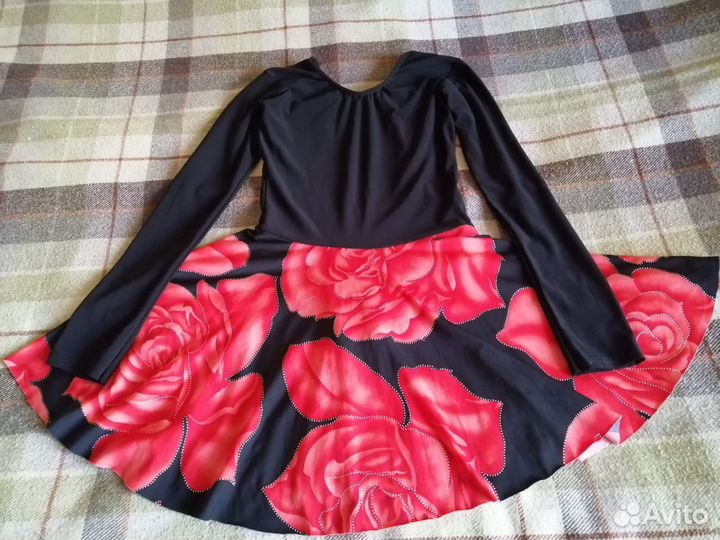 Платье для танцев 134-140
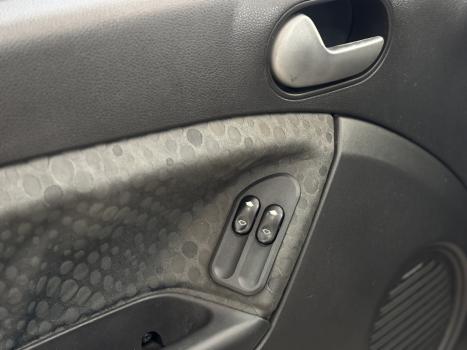 FORD Fiesta Hatch 1.6 CLASS, Foto 4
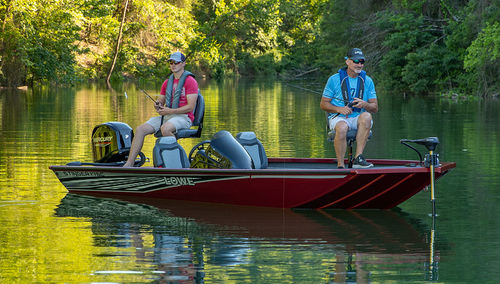 Bass-Boat / Außenborder - Stinger 175C - Lowe - mit Seitenkonsole / Open / Sportfischer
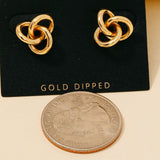 Pendientes de Nudo Triple con Baño de Oro - Elegancia Duradera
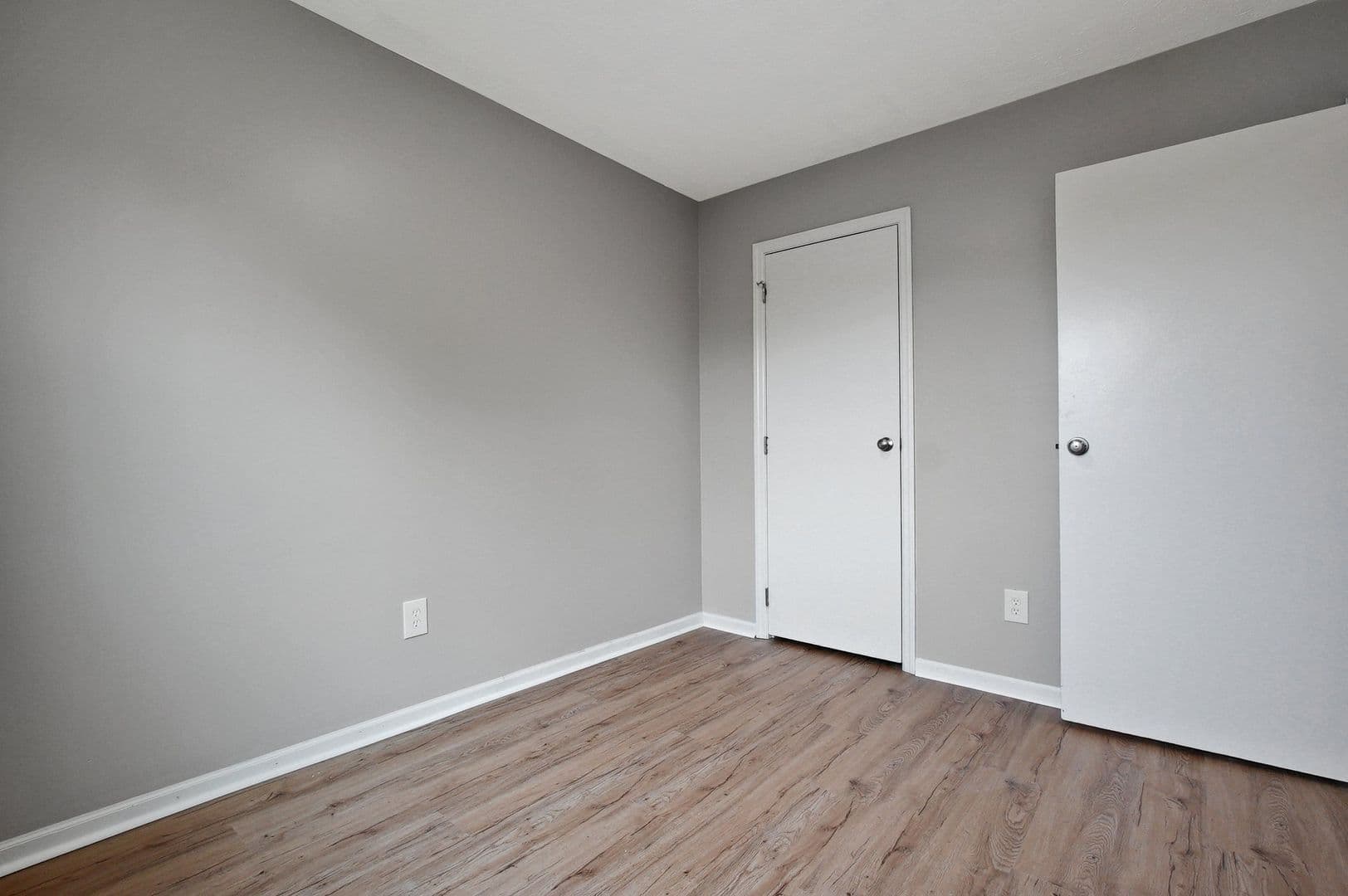 Columbus Townhome: 2209 Clarendon Ln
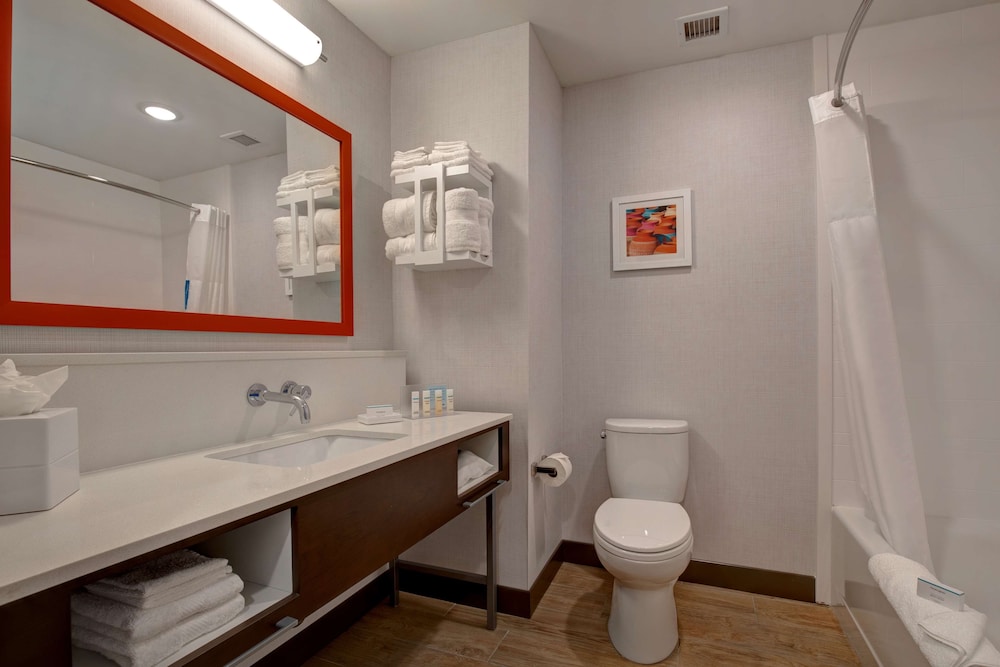 Hampton Inn Santa Fe South Nm 11/52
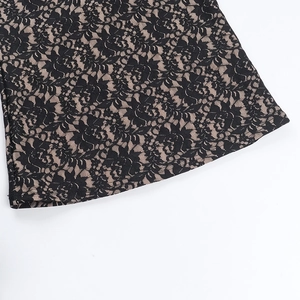 Gros plan d'une robe en dentelle noire aux motifs de fleurs crochetés délicats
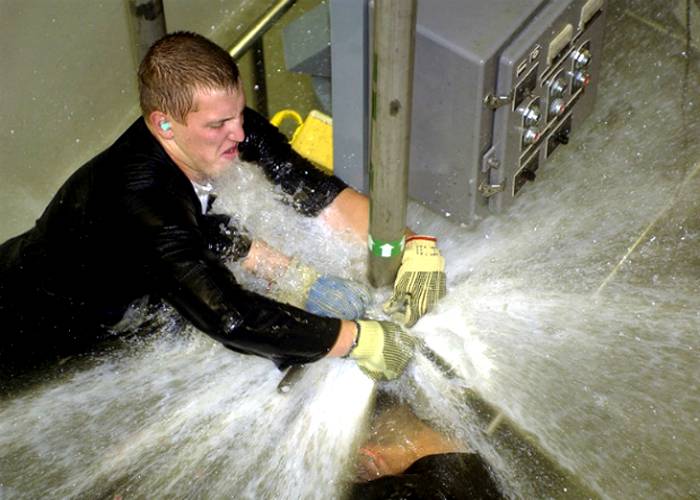 Με τη διαφορά πίεσης στο λέβητα και τους σωλήνες, η συμπερίληψη νερού μπορεί να προκαλέσει ένα ισχυρό σφυρί νερού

◆ ◆ ◆ ◆ ◆

• Aim of the exercise
With pictures excluded, the lines running from the one containing "Hampton Inn Santa Fe South Nm 11/52" through the last line of the records above are to be restated exactly and in full.

• Solution to the problem
 Hampton Inn Santa Fe South Nm 11/52
 Gros plan d'une robe en dentelle noire aux motifs de fleurs crochetés délicats
 Με τη διαφορά πίεσης στο λέβητα και τους σωλήνες, η συμπερίληψη νερού μπορεί να προκαλέσει ένα ισχυρό σφυρί νερού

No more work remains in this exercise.